Nodes provide a range of user configurable options in the node.config file , detailed in Chapter 7. Load monitoring options, which determine when a node is available to execute an EnFuzion job, are specified in the enfuzion.options file. The enfuzion.nodes file is detailed in Chapter 7.
The main process on the node is the node server. The node server communicates with the root and manages other processes on the node. User jobs are executed by the job server processes. Each job has its own job server processes. The job server manages all aspects of job execution, such as controlling user commands and the copying of files.
EnFuzion provides a wide range of load monitoring options for the node hosts. These options specify when a computer is idle and when it is available to execute user jobs. Examples of load monitoring options include 'no interactive use', 'sufficient available RAM', 'sufficient available disk space', and 'low CPU load'. Options are controlled by system administrators to provide optimal utilization of resources in their computing environment. See Chapter 7.
EnFuzion implements the concept of a user. All interactions with EnFuzion at run time are assigned an owner user ID. This owner assignment is used in accounting reports to identify the work done by a single user or to restrict user actions.
A user is identified by a string in the form <user>@<host_name>. By default, <user> is the account name of the user that is submitting the run and <host_name> is the host name of the computer where the submission is performed. <host_name> is usually the fully qualified domain name (FQDN) of the host. If the domain name is not set, but the host name is, it is equal to the host name. Otherwise, it is the IP address of the local host. If EnFuzion is unable to determine the default user ID string, a generic anonymous user ID is assigned as the run owner.
The default user ID string can be changed by the EnFuzion administrator through a configuration file on the EnFuzion root system.
An EnFuzion user ID is assigned to each run, when the run is submitted for execution. The user assignment cannot be changed later.
To enhance security and simplify usage, EnFuzion delegates the task of user identification to the operating system of the submit computer. When a user connects to EnFuzion for the first time, the user account name on the submit computer and the submit computer host and domain name are used to form a user identification string, which is sent to the Dispatcher on the root system. The EnFuzion user cannot influence the user assignment.

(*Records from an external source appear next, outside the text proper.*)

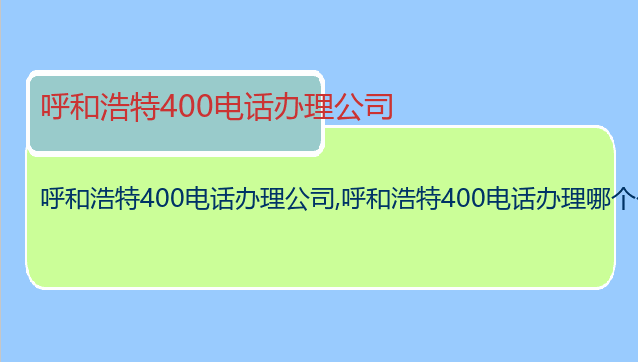 呼和浩特400电话办理公司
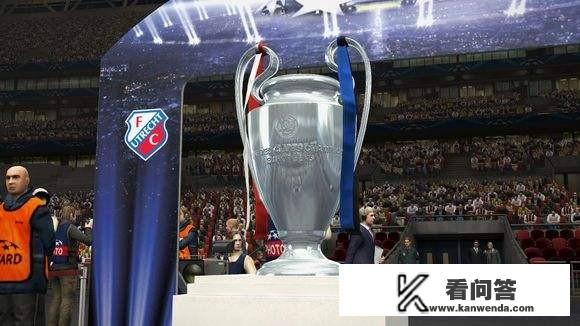 皇马和巴萨谁的欧冠冠军多？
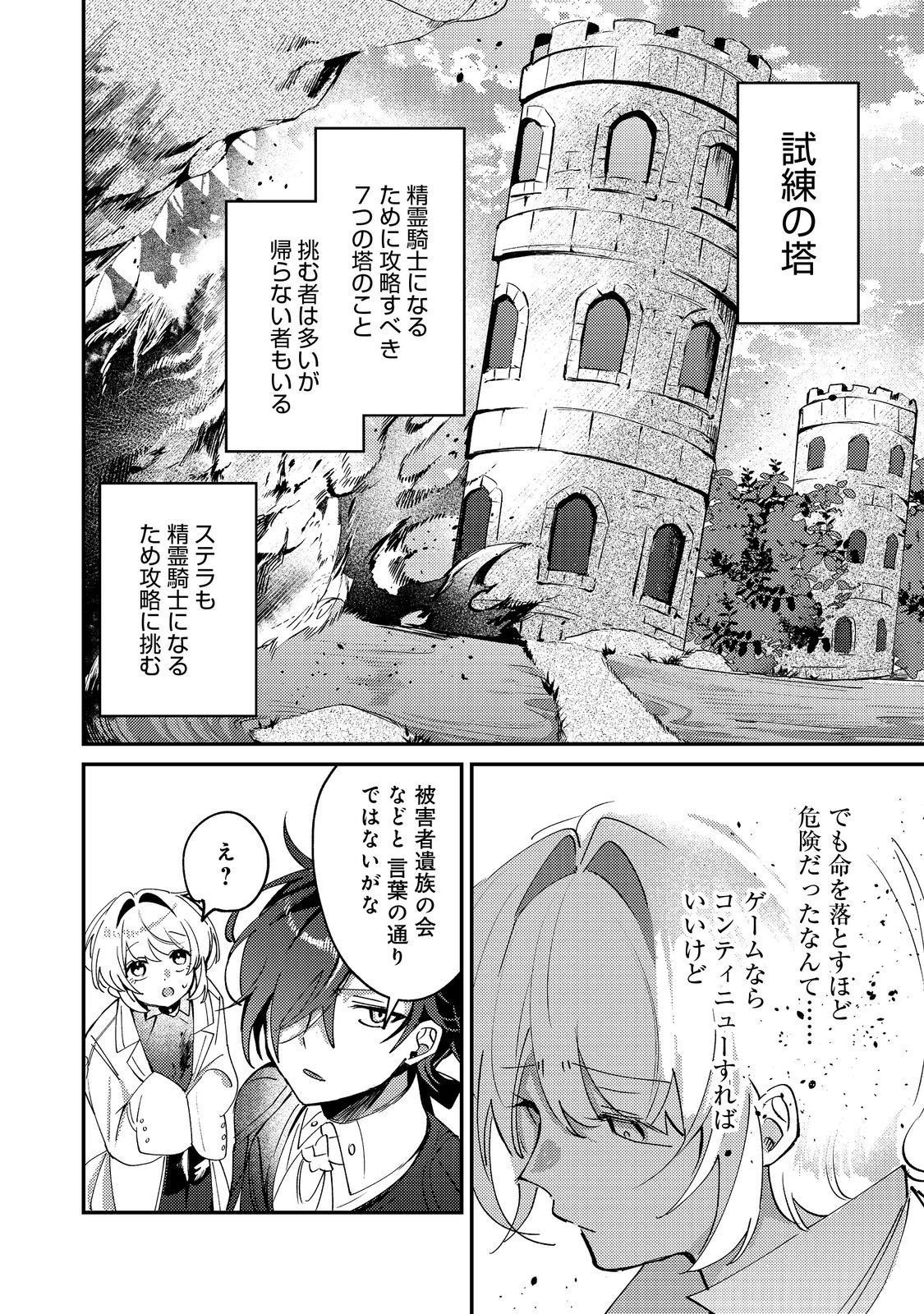 Otome Game Heroine no Hikitate Yaku no Imouto ni Tensei Shita node Tachiba wo Ubatte Yaru Koto ni Shita - Chapter 8 - Page 10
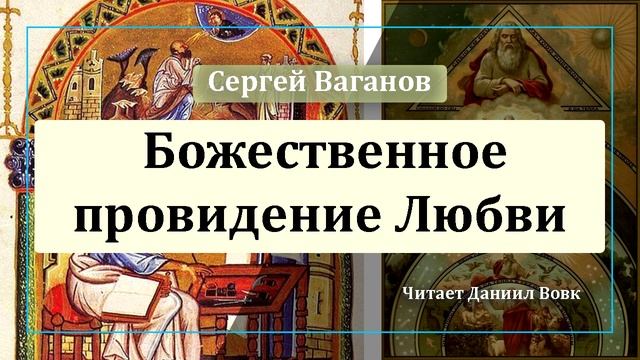Божественное провидение Любви смотреть онлайн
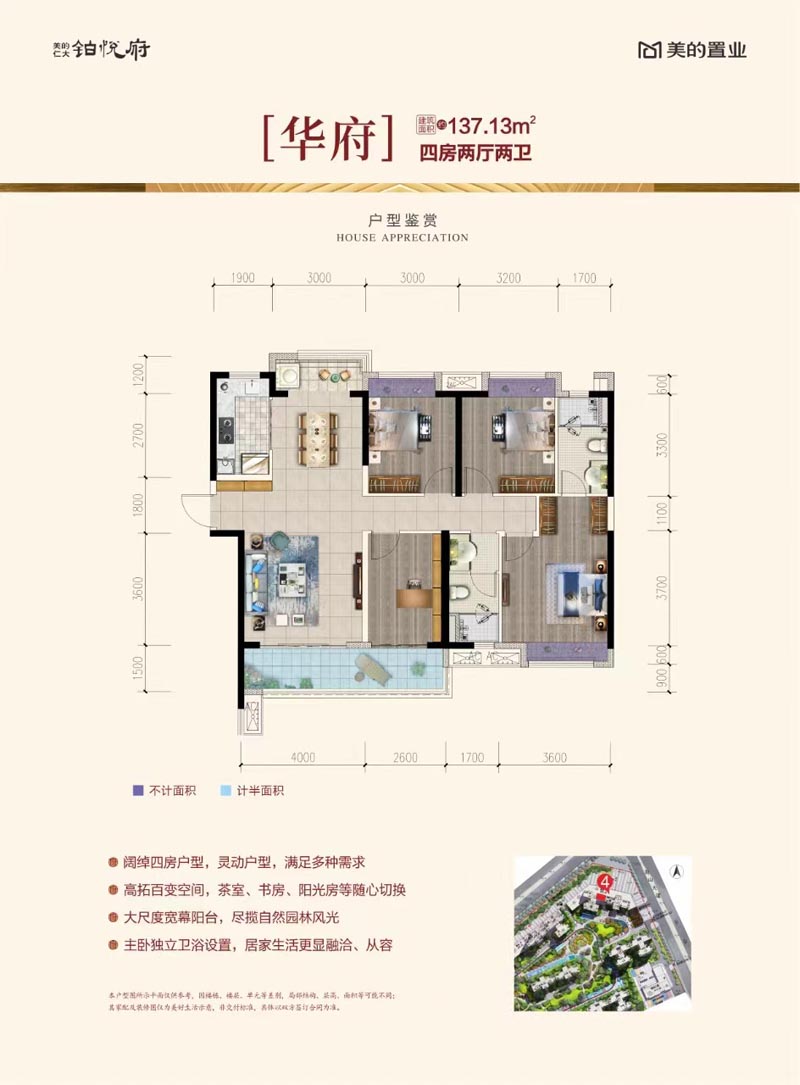 郴州苏仙区仁大铂悦府为您提供该项目华府户型图片鉴赏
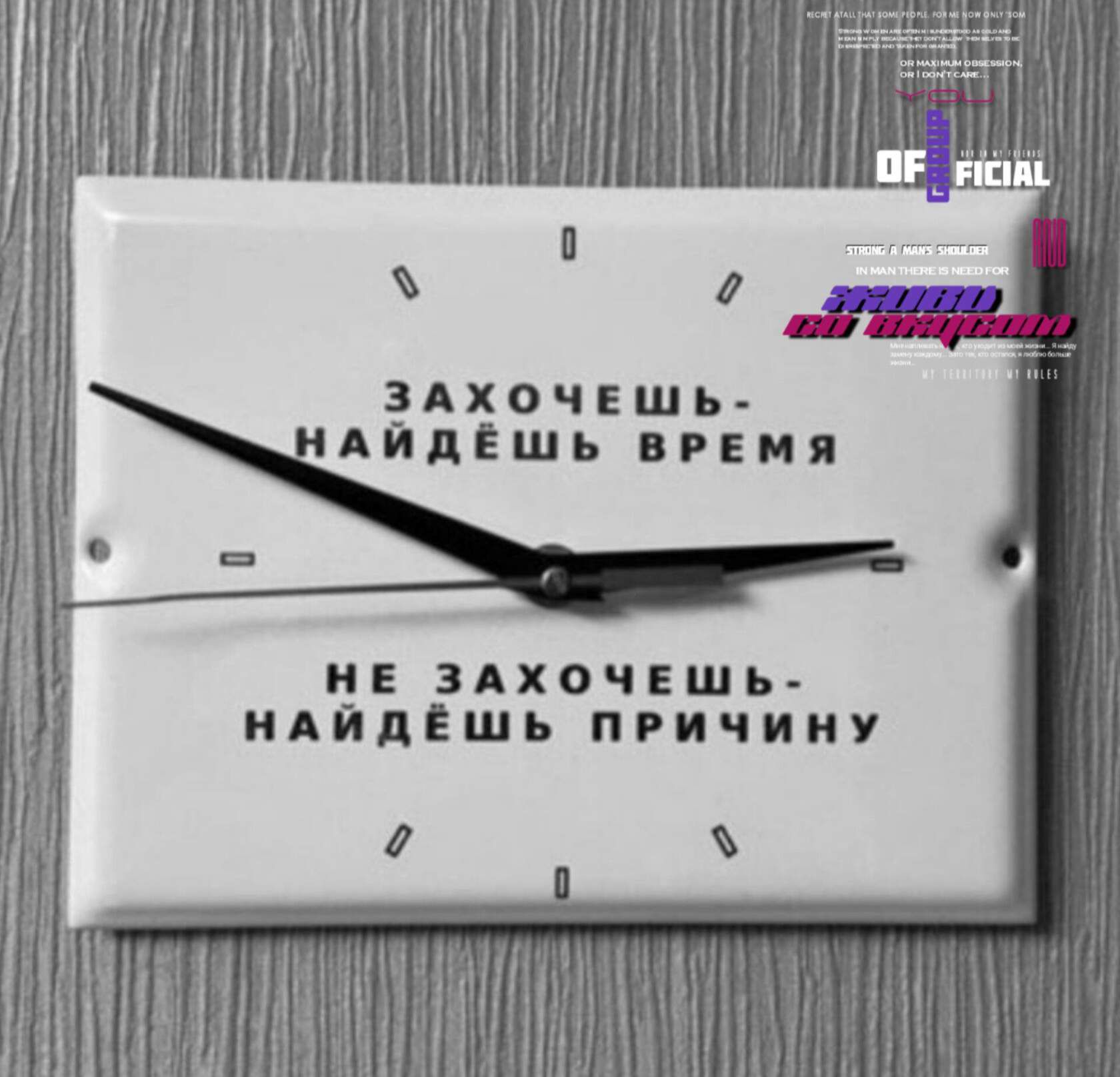 здхочешь АйдЕшь РЕИЯ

If the run is submitted through a command line, this user identification and assignment are done transparently to the EnFuzion user.
If the run is submitted through a web browser, then the EnFuzion user must perform a login. Otherwise, a generic anonymous user ID is assigned as the run owner. The user performs a login by using an identification file that was generated by the EnFuzion enfcmd command line utility.

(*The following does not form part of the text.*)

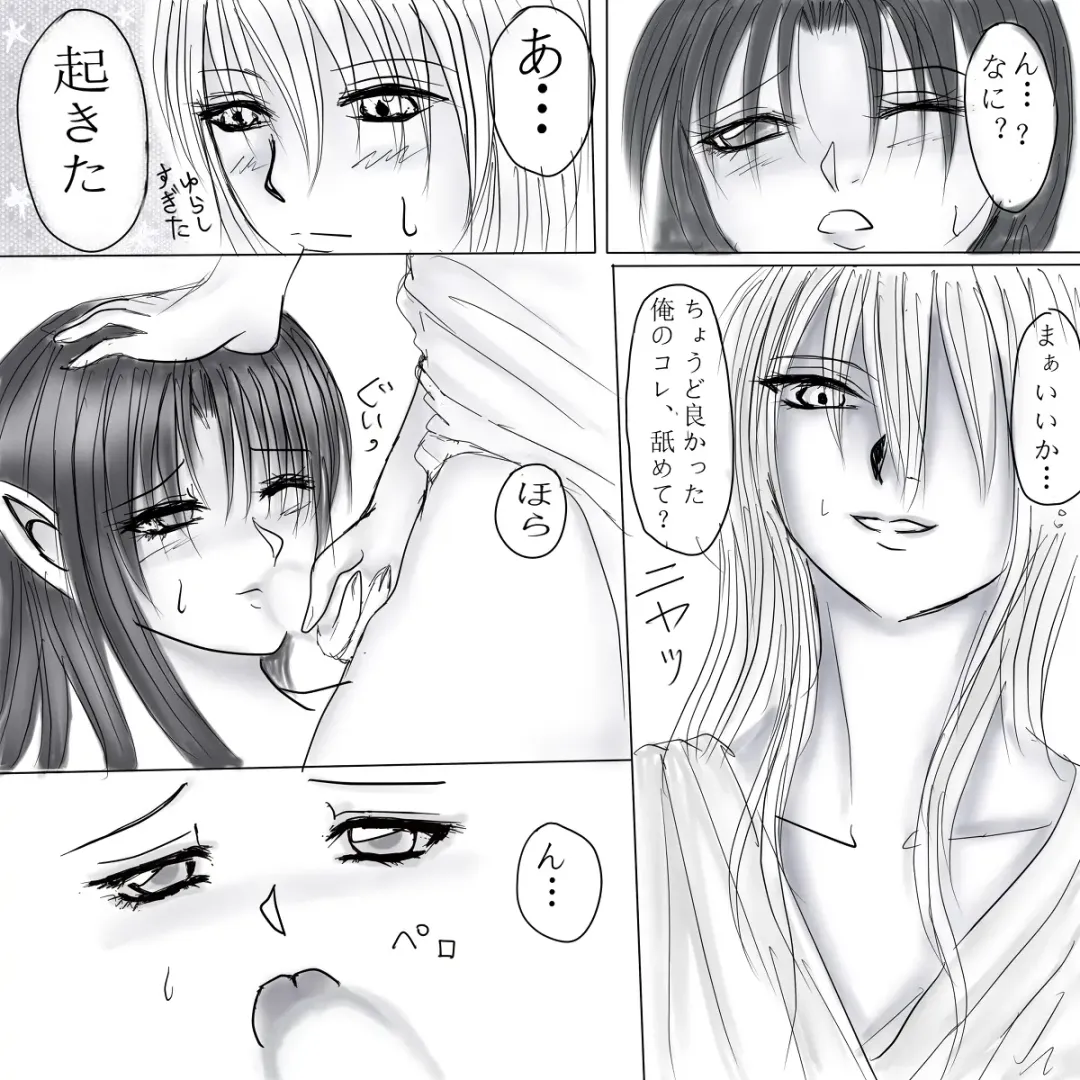 いたずら yuyu hakusho Fhentai - Page 11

An administrator can restrict actions that regular EnFuzion users can perform. By default, there are no restrictions and any EnFuzion user can perform any action.
Privilege enforcement is turned on by the administrator in a configuration file on the EnFuzion root system. This enforcement restricts actions of regular EnFuzion users. They can only add new runs and control runs that they own. They are not allowed to control the cluster by performing actions, such as removing a run owned by another user, adding and removing nodes, shutting down the cluster, and modifying cluster and node settings and properties.
Even if the privilege enforcement is turned on, there are no restrictions on actions by the users that are identified as EnFuzion administrators. These users are enumerated in a configuration file on the EnFuzion root system.
EnFuzion users can be grouped by the administrator in order to report combined activities of related users. Users can be members of one or more user groups.
Groups are useful to generate combined activity reports for different departments or group projects.